Wheat field in Tunisia. Wheat grows well in some North African countries but conditions south of the Sahara often limit yields severely.
Wheat consumption in Africa is growing fast. So are wheat imports. Should Africa, therefore, grow more wheat in the future? And, if so, what ecological and economic results would this produce?
These questions have been studied using the AEZ methodology. Calculations were made for three different assumptions:
1 wheat is grown only where it maximizes calorie production;
2 wheat is grown only where it maximizes agricultural revenue and
3 wheat is grown wherever conditions permit.

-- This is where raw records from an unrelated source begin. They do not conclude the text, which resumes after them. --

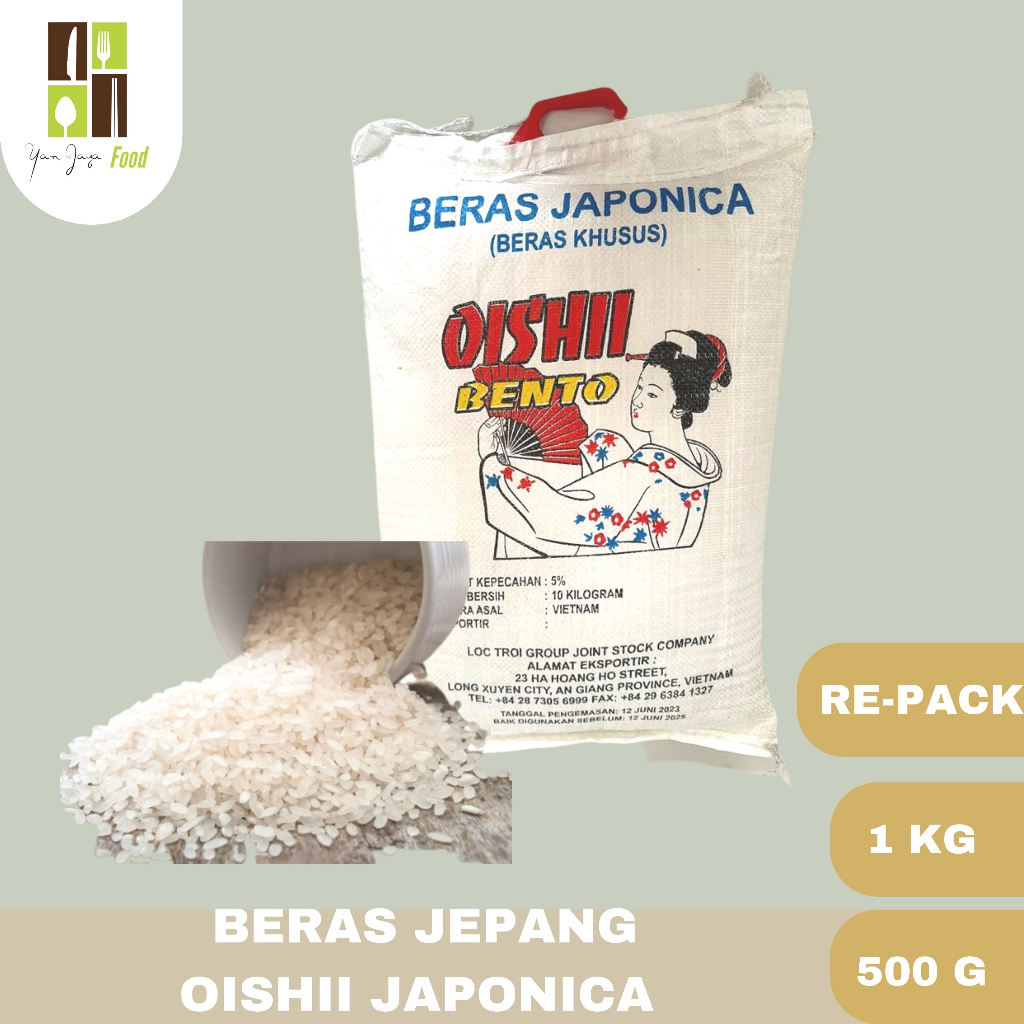 Jual Beras Jepang Japonica Oishii Bento / Sushi / Onigiri Re-pack 1 KG ...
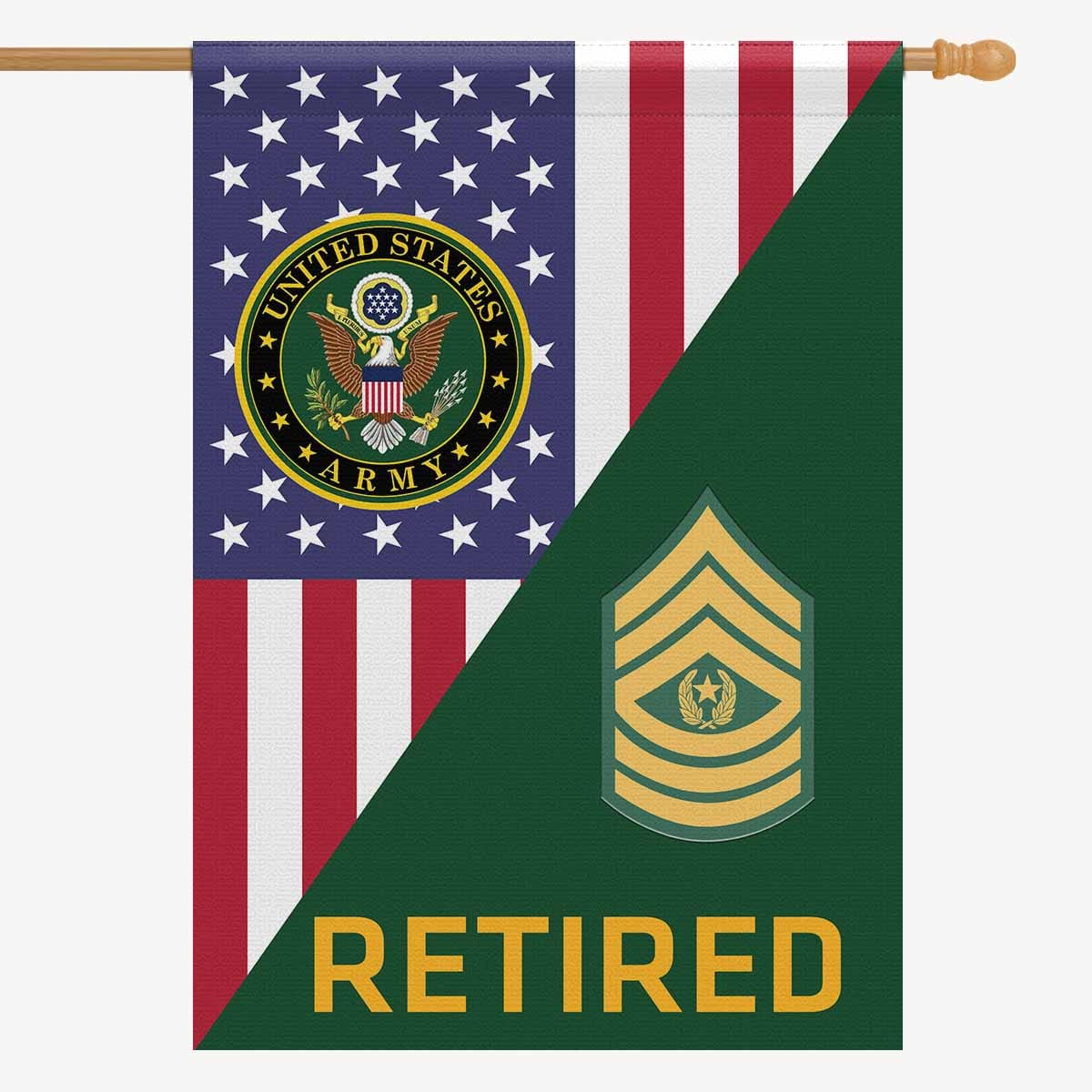 US Army E-9 Command Sergeant Major E9 CSM Retired House Flag 28 Inch x 40 Inch 2-Side Printing-HouseFlag-Army-Ranks-Veterans Nation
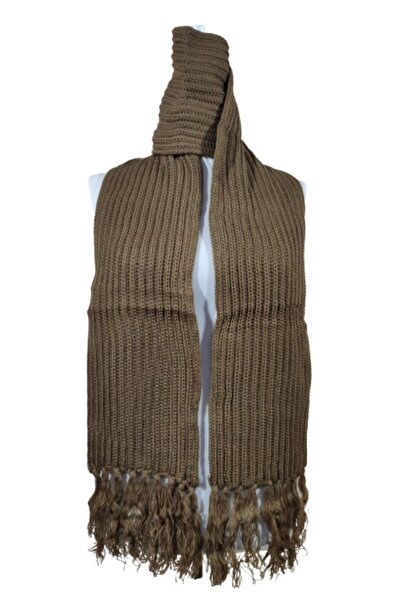 PAKER GİYİM Eșarfă tricotată Sİlanik cu ciucuri maro lapte pentru femei Pkr109398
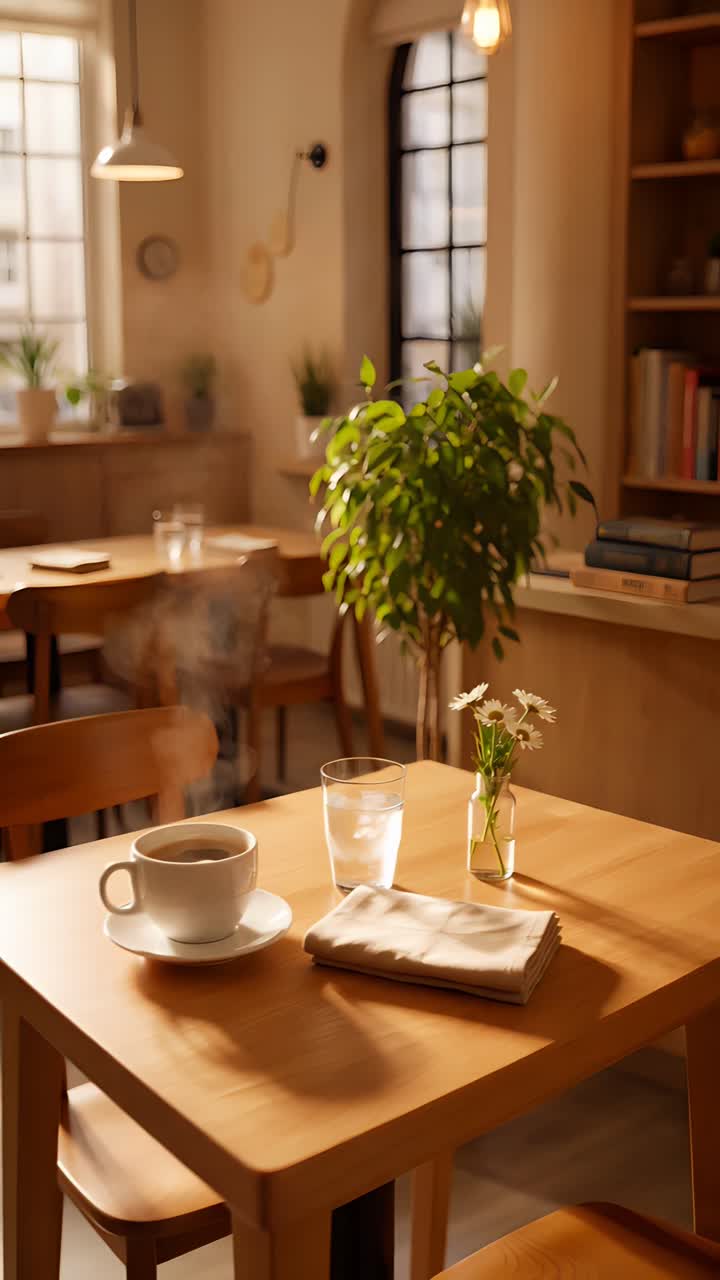 Aesthetic Cafe Interior Cozy Ambience 4K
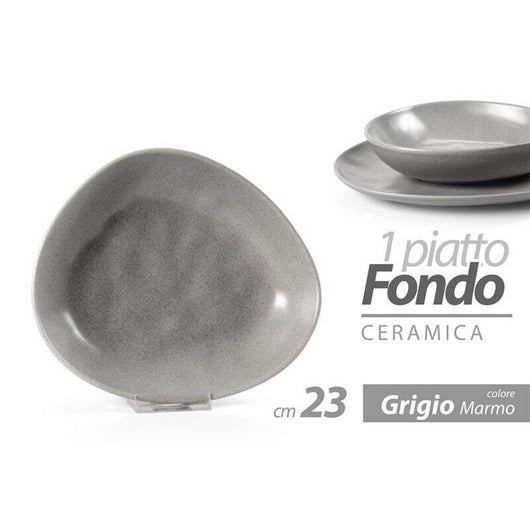PIATTO FONDO IN CERAMICA DA 23 CM IN COLORE GRIGIO DESIGN EFFETTO MARMO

Using low inputs, rainfed wheat can be grown on only 37.7 million ha in Africa, out of a total land area of 3033 million ha. In North Africa who'. growing conditions for wheat are best, 13.6 million ha (2.4 percent) out of a total of 574 million ha are suitable for rainfed wheat. In the rest of Africa, an area of about 2460 million ha, only about 24 million ha (1.0 percent) are suitable for the crop nearly 17 million ha in the tropical highlands of countries such as Ethiopia, Kenya and Tanzania, and some seven million ha in southern Africa.
In North Africa, it would pay to plant wheat in preference to other crops on nearly two-thirds of all the land suitable for wheat. This would provide about 80 percent of the maximum possible wheat production. South of the Sahara, where land is less; suitable for wheat, a plan to maximize revenue would include only enough wheat to grow 11 percent of the maximum possible production.
The study shows that, considering the whole of Africa, it would be economically viable to grow only 17.6 million tonnes of wheat in Africa - against an estimated need for wheat of 29 million tonnes in the year 2000. However, only nine million tonnes per year were produced during 1979-81, and 13.6 million tonnes in 1988.
If the aim were to maximize calorie production, only 16.3 million tonnes of wheat would be grown in Africa. However, some 70 percent more wheat would be grown in sub-Saharan Africa than if maximum revenue were the aim, a figure nearly five times higher than production in 1978-80.
The main conclusions of the study are that wheat self-sufficiency is economically viable for very few countries in Africa. In most other countries of the region, calorie production and agricultural revenue can be increased more efficiently by growing other crops.